I don't know how to post pics.. see test in my album


----------



## The Watcher (Sep 13, 2008)

The guy I get most of mine from is out right now. He buys a bunch, then you have to buy 5 at a time of each color. Since you don't know what color you want, This might be a better deal for you. You can use these around your house also.

http://cgi.ebay.com/MR16-Remote-Con...in_0?hash=item27abc88a6d&_trksid=p3286.c0.m14

This is the same bulb I use, But I have never ordered from this seller.

http://cgi.ebay.com/3-X-36-leds-BLU...g_SM?hash=item53dd067797&_trksid=p3286.c0.m14

This to me is your best deal. These are water proof, you do not need a a light fixture. They are 12 volt can be used under water. You should get a pond transformer for these. All transformers are not for underwater use. I have these on my swimming pool steps, in my water falls. You can put them under your car, deck rails. Just about anywhere you want light. Red, Green, Blue, and UV are the color. It takes 2 weeks to get them from Hong Kong. I have had some of mine for 4 years and they are just as bright as the new ones we just put in our pond addition.
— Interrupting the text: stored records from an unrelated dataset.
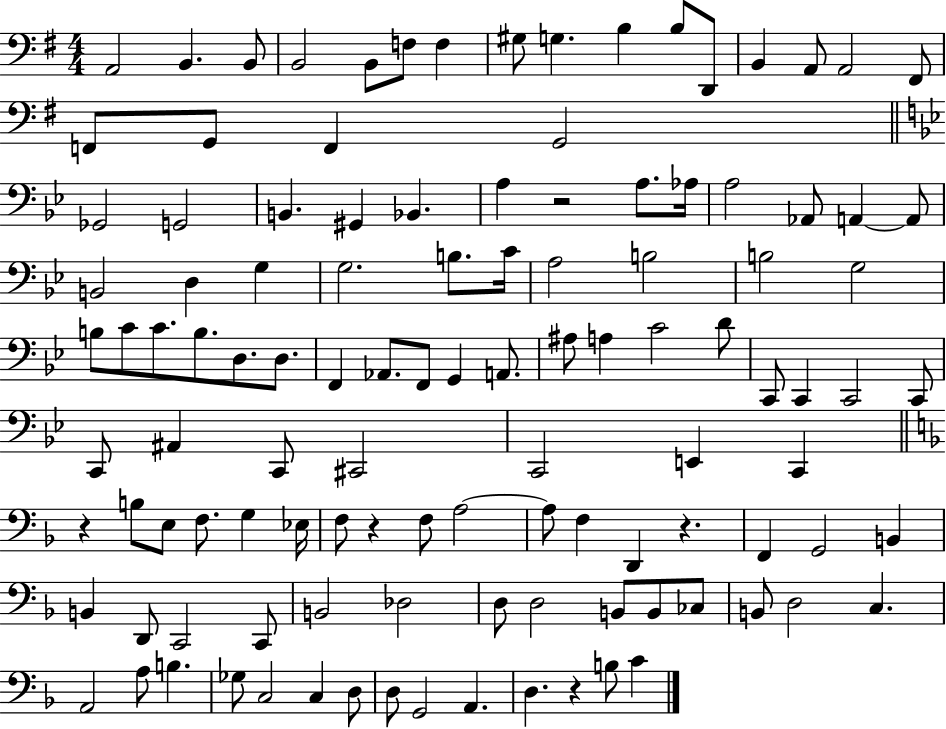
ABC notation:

X:1
T:Untitled
M:4/4
L:1/4
K:G
A,,2 B,, B,,/2 B,,2 B,,/2 F,/2 F, ^G,/2 G, B, B,/2 D,,/2 B,, A,,/2 A,,2 ^F,,/2 F,,/2 G,,/2 F,, G,,2 _G,,2 G,,2 B,, ^G,, _B,, A, z2 A,/2 _A,/4 A,2 _A,,/2 A,, A,,/2 B,,2 D, G, G,2 B,/2 C/4 A,2 B,2 B,2 G,2 B,/2 C/2 C/2 B,/2 D,/2 D,/2 F,, _A,,/2 F,,/2 G,, A,,/2 ^A,/2 A, C2 D/2 C,,/2 C,, C,,2 C,,/2 C,,/2 ^A,, C,,/2 ^C,,2 C,,2 E,, C,, z B,/2 E,/2 F,/2 G, _E,/4 F,/2 z F,/2 A,2 A,/2 F, D,, z F,, G,,2 B,, B,, D,,/2 C,,2 C,,/2 B,,2 _D,2 D,/2 D,2 B,,/2 B,,/2 _C,/2 B,,/2 D,2 C, A,,2 A,/2 B, _G,/2 C,2 C, D,/2 D,/2 G,,2 A,, D, z B,/2 C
http://cgi.ebay.com/48-LED-Strip-Wa...in_0?hash=item3ca57f4068&_trksid=p3286.c0.m14


----------



## uncledeathy (Jun 23, 2009)

Hey housedragonmom cool pics it really shows up!!
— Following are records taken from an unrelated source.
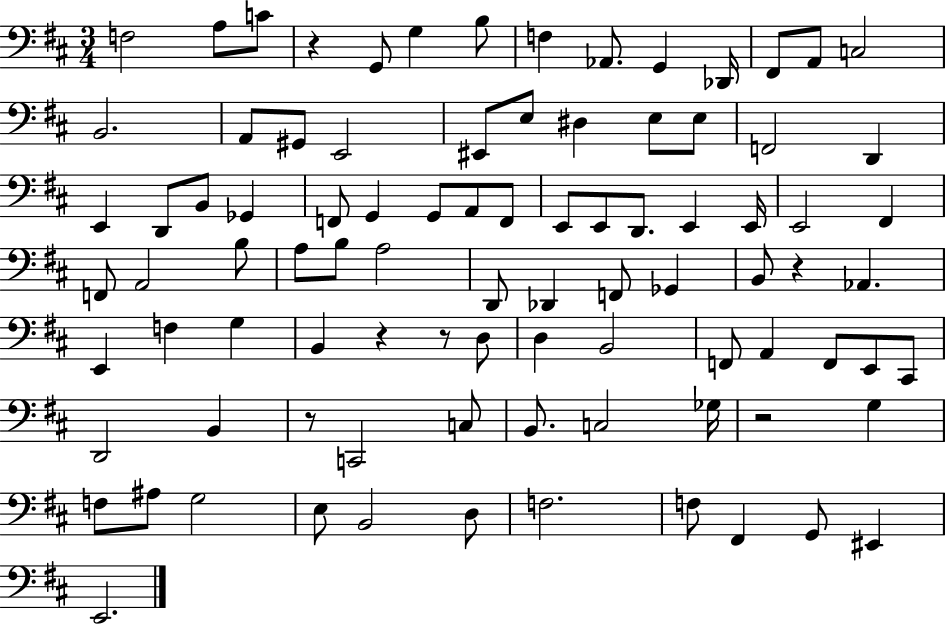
{
  \clef bass
  \numericTimeSignature
  \time 3/4
  \key d \major
  f2 a8 c'8 | r4 g,8 g4 b8 | f4 aes,8. g,4 des,16 | fis,8 a,8 c2 | \break b,2. | a,8 gis,8 e,2 | eis,8 e8 dis4 e8 e8 | f,2 d,4 | \break e,4 d,8 b,8 ges,4 | f,8 g,4 g,8 a,8 f,8 | e,8 e,8 d,8. e,4 e,16 | e,2 fis,4 | \break f,8 a,2 b8 | a8 b8 a2 | d,8 des,4 f,8 ges,4 | b,8 r4 aes,4. | \break e,4 f4 g4 | b,4 r4 r8 d8 | d4 b,2 | f,8 a,4 f,8 e,8 cis,8 | \break d,2 b,4 | r8 c,2 c8 | b,8. c2 ges16 | r2 g4 | \break f8 ais8 g2 | e8 b,2 d8 | f2. | f8 fis,4 g,8 eis,4 | \break e,2. | \bar "|."
}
OK watcher i see.. thank you for the links i better decide if i want these in time of the 24th..

I was looking at the links the watcher and asterix0 sent me...


Those are cool i wonder how many of those i would need... That is a simple way

I was leaning towards green because the party is a zombie/mj thriller theme

I think a black coffin with green looking ice would look cool but how much to 

make it pronounced.. AAghhh lol!!! And the under car leds on ebay are really bright...
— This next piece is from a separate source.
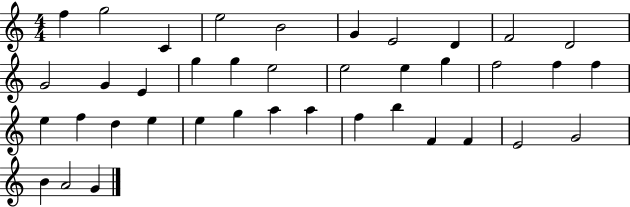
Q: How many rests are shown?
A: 0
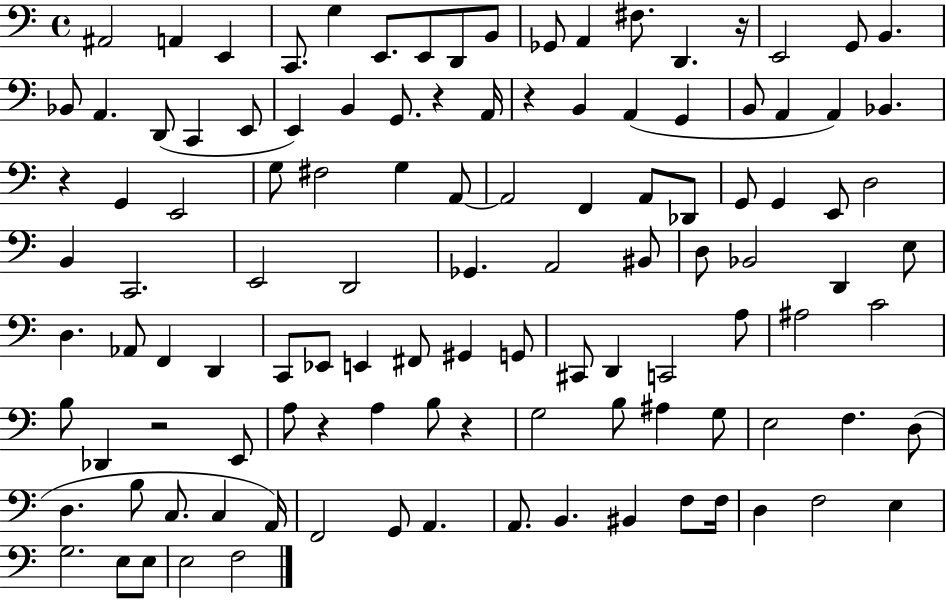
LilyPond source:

Nobody in the usa is selling these?? Every year i do this to myself!!:googly:

tick tock tick tock...:googly:


----------



## housedragonmom (Oct 1, 2008)

I have blue lights under my Scion. Way cool. The leds in the cooler were way better than my pics taken at 11pm showed. I only used 2/ My husband saw them the next morning and is convinced we will use them for our party in all of the coolers. I don't know how the car light would be safe in a cooler. I will post pics of the green leds...soon.


My scion video is youtube under "scion lights" in case you are interested.


----------



## housedragonmom (Oct 1, 2008)

ok. check my profile for pics. Still don't get how to post here. Pep boys carried the under car lights here in Dallas.


----------



## uncledeathy (Jun 23, 2009)

Wow thanks for the pics The Green looks sooooooooooo creepy Nice!!

I am going to check out pep boys or any other car part selling store's. Great idea and thanks for your help..

Saw your vid on You tube.. Those lights are bright! I will keep all of you posted on what exactly i am going to do And hopefully some pics!


----------



## halloween71 (Aug 9, 2007)

housedragonmom said:


> ok. check my profile for pics. Still don't get how to post here. Pep boys carried the under car lights here in Dallas.


Click the pic you want- select bb code with right click-copy-and paste to post.Your bb code may be off.Mine shows on.


----------



## Skellycat (Aug 27, 2009)

the watcher - I checked out the ebay links and I would love to put these in my pond & use them for Halloween....but...I'm about to ask the dumbest question in the history of this forum, so I apoligize ahead of time...I am out my league here....ok, here goes...what device does the light plug into? :googly:


----------



## The Watcher (Sep 13, 2008)

You can hook them up to a standard landscape transformer for out side use. If you are placing them in the water. Then you need a pond transformer or underwater transformer. The difference is with the under water transformer, if they short out it doesn't effect the power supply. So you don't have power going into your water. Same as with pool lights. If you use them inside a 12 volt wallwart will run them. I use the landscape wire for mine and some time regular speaker wire on shorter runs. We try to catch sale or clearance on landscaping lights at the end of the year for our haunt.


----------



## Skellycat (Aug 27, 2009)

Thanks. I think this is too deep for me, but I do love to see the projects you guys do...so cool. Thanks for trying to explain.


----------